Galileo Acquisition Corp. Announces Closing of $138 Million Initial Public Offering
October 22 2019 - 1:27PM
Galileo Acquisition Corp. (NYSE: GLEO.U, the “Company”) announced
today that it closed its initial public offering of 13,800,000
units, including the exercise in full of the underwriter’s
over-allotment option to purchase up to an additional 1,800,000
units. The offering was priced at $10.00 per unit, resulting in
gross proceeds of $138,000,000.
The Company’s units began trading on the New York Stock Exchange
(“NYSE”) on October 18, 2019 and trade under the ticker symbol
“GLEO.U”. Each unit consists of one ordinary share and one warrant
to purchase one ordinary share at a price of $11.50. Once the
securities comprising the units begin separate trading, the
ordinary shares and warrants are expected to be listed on NYSE
under the symbols “GLEO” and “GLEO WS”, respectively.
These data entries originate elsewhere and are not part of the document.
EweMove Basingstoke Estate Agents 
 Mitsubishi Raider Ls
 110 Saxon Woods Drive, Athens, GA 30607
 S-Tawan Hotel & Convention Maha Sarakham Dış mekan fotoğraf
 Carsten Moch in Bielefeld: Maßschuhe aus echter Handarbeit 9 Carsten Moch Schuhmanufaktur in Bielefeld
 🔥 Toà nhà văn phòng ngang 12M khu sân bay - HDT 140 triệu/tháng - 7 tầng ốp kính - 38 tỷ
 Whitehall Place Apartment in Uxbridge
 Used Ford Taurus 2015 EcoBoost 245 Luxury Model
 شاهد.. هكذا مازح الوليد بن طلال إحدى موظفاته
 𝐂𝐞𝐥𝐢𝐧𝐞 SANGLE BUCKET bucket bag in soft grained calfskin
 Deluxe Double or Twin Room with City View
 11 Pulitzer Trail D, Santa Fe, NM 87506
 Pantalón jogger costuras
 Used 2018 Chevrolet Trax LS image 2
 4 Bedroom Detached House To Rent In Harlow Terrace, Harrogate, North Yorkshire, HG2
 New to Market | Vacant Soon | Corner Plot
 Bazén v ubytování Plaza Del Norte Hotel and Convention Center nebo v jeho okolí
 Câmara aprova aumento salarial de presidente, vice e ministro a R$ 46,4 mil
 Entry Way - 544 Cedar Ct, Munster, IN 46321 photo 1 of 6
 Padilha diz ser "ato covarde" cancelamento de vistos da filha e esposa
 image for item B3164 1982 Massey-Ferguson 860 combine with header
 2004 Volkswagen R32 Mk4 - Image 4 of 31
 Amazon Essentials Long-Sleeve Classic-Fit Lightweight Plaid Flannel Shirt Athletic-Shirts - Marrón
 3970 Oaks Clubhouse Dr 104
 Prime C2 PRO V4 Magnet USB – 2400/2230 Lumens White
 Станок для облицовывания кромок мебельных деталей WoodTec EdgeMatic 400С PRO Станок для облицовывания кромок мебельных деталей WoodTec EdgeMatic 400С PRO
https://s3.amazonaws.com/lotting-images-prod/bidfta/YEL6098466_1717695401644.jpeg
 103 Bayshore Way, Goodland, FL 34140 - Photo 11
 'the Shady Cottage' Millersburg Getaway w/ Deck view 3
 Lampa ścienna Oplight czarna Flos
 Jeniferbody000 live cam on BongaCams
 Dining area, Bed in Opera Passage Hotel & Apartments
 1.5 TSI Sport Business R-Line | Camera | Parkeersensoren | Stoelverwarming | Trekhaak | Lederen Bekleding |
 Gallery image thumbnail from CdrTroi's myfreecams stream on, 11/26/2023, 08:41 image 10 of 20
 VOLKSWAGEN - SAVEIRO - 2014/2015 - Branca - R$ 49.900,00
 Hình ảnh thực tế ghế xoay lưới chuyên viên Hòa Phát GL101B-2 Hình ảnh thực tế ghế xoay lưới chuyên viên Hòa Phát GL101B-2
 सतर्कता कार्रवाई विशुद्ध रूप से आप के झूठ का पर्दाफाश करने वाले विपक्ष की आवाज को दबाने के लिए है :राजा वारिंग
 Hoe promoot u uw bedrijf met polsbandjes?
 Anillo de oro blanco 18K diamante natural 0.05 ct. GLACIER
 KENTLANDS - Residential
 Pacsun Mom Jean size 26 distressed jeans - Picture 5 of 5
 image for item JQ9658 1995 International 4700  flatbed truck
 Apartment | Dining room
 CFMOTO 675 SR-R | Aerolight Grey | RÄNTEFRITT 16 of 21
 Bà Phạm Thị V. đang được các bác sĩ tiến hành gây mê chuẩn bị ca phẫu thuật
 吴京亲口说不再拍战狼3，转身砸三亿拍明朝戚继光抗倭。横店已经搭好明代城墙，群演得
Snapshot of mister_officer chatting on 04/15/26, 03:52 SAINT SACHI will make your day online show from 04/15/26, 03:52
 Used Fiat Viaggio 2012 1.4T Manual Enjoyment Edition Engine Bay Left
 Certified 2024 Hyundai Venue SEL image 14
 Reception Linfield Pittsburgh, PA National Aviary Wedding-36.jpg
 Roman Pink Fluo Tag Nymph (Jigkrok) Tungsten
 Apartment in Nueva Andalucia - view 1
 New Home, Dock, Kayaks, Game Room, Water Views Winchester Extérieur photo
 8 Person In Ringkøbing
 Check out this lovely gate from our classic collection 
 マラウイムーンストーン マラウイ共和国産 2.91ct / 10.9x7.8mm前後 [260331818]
Of the proceeds received from the consummation of the initial
public offering and a simultaneous private placement of warrants,
$138,000,000 (or $10.00 per unit sold in the public offering) was
placed in trust. An audited balance sheet of the Company as of
October 22, 2019, reflecting receipt of the proceeds upon
consummation of the initial public offering and the private
placement will be included as an exhibit to a Current Report on
Form 8-K to be filed by the Company with the Securities and
Exchange Commission.
Ellenoff Grossman & Schole LLP acted as counsel to the
Company and Graubard Miller acted as counsel to the
underwriters.
EarlyBirdCapital, Inc., acted as sole book-running
manager.
About the Company
Galileo Acquisition Corp. is a blank check company organized for
the purpose of effecting a merger, capital stock exchange, asset
acquisition, or other similar business combination with one or more
businesses or entities with an initial focus on targets operating
in the Consumer, Retail, Food and Beverage, Fashion and Luxury,
Specialty Industrial, Technology or Healthcare sectors which are
headquartered in Western Europe, with an emphasis on Italian
family-owned businesses, portfolio companies of private equity
funds, or corporate spin-offs, and that have significant North
American exports and a clearly defined North American high growth
strategy. However, the Company’s efforts to identify a prospective
target business will not be limited to any particular industry or
geographic region.
A registration statement relating to these securities was
declared effective by the Securities and Exchange Commission on
October 17, 2019. The offering was made only by means of a
prospectus, copies of which may be obtained by contacting
EarlyBirdCapital, Inc., 366 Madison Avenue, 8th Floor, New York,
New York 10017. Copies of the registration statement can be
accessed through the SEC's website at www.sec.gov.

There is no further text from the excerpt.